#### Data ####

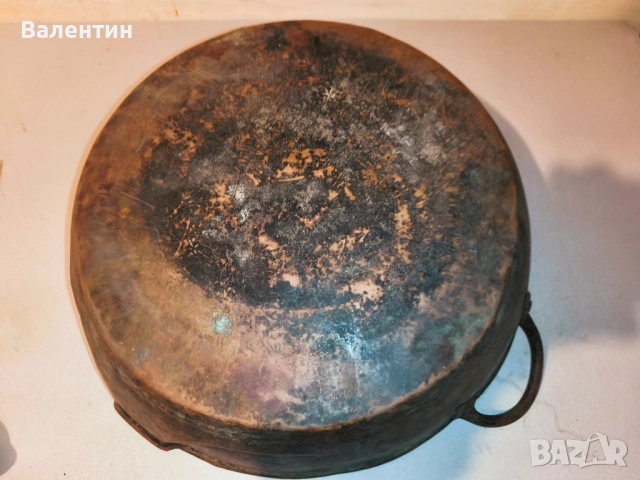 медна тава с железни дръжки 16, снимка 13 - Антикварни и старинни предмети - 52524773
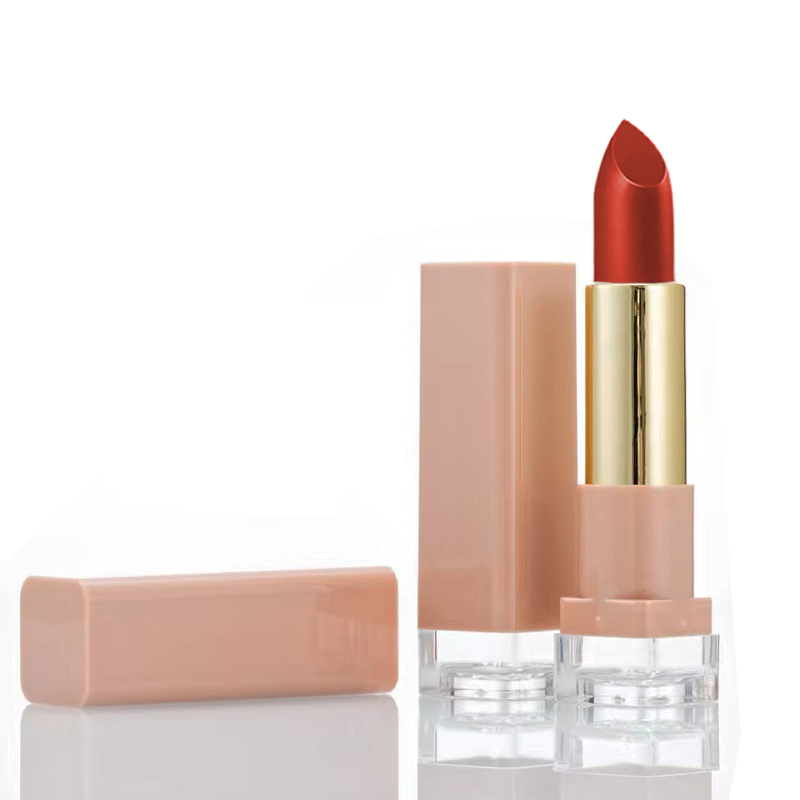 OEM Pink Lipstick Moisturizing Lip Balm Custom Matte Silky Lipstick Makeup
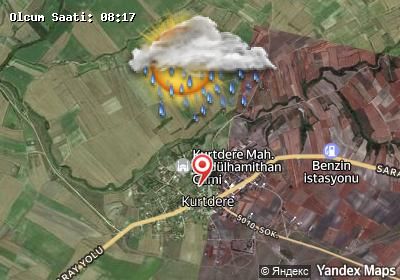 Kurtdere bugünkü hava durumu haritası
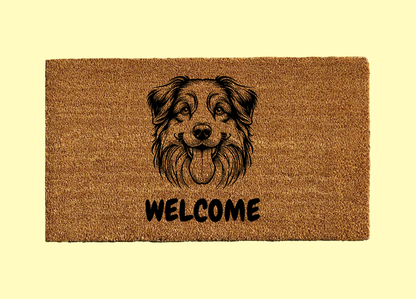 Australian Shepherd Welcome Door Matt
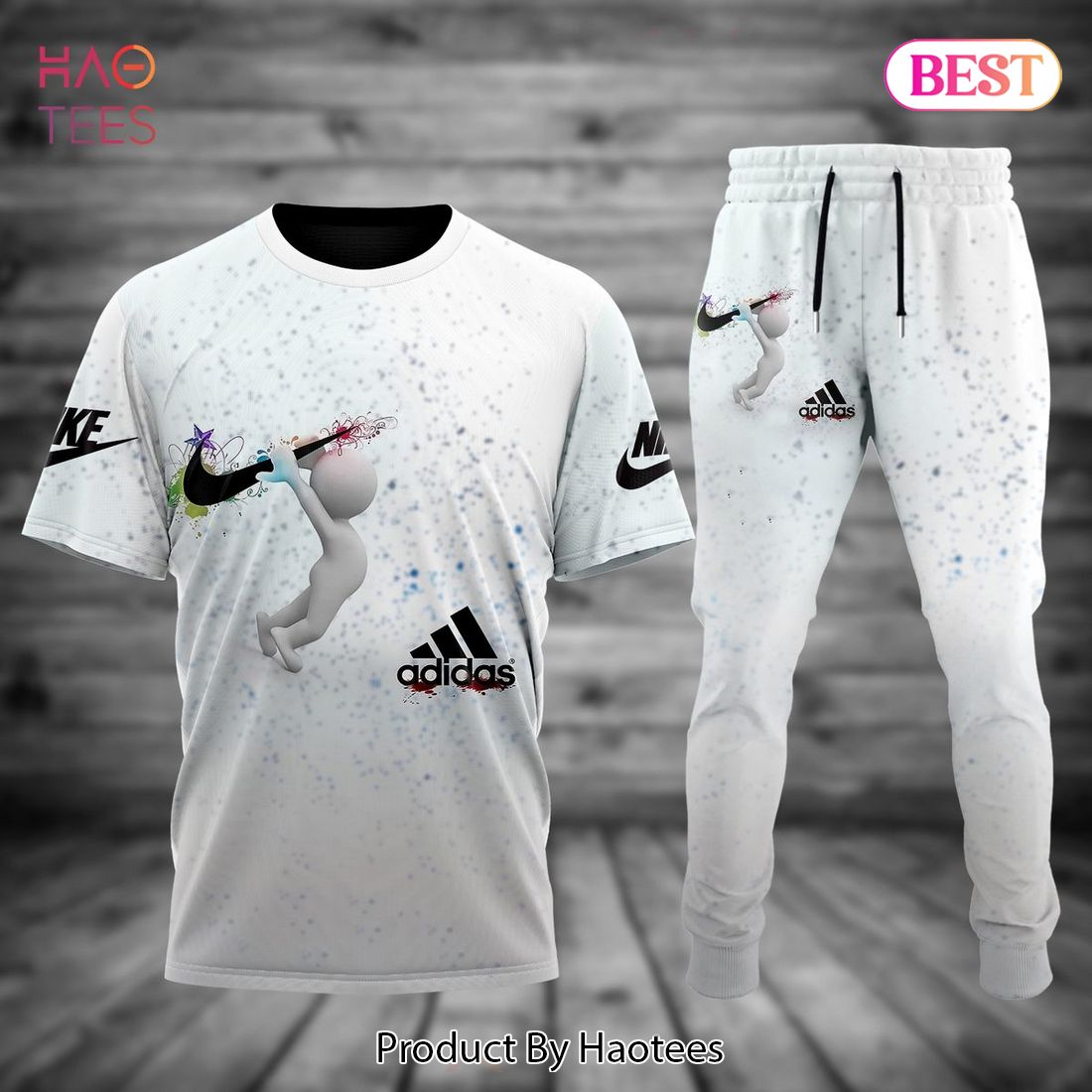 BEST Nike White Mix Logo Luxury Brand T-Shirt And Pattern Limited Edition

####

**Task prompt**
Quote all of the entries word for word, omitting any pictures.

**Reply**
 медна тава с железни дръжки 16, снимка 13 - Антикварни и старинни предмети - 52524773
 OEM Pink Lipstick Moisturizing Lip Balm Custom Matte Silky Lipstick Makeup
 Kurtdere bugünkü hava durumu haritası
 Australian Shepherd Welcome Door Matt
 BEST Nike White Mix Logo Luxury Brand T-Shirt And Pattern Limited Edition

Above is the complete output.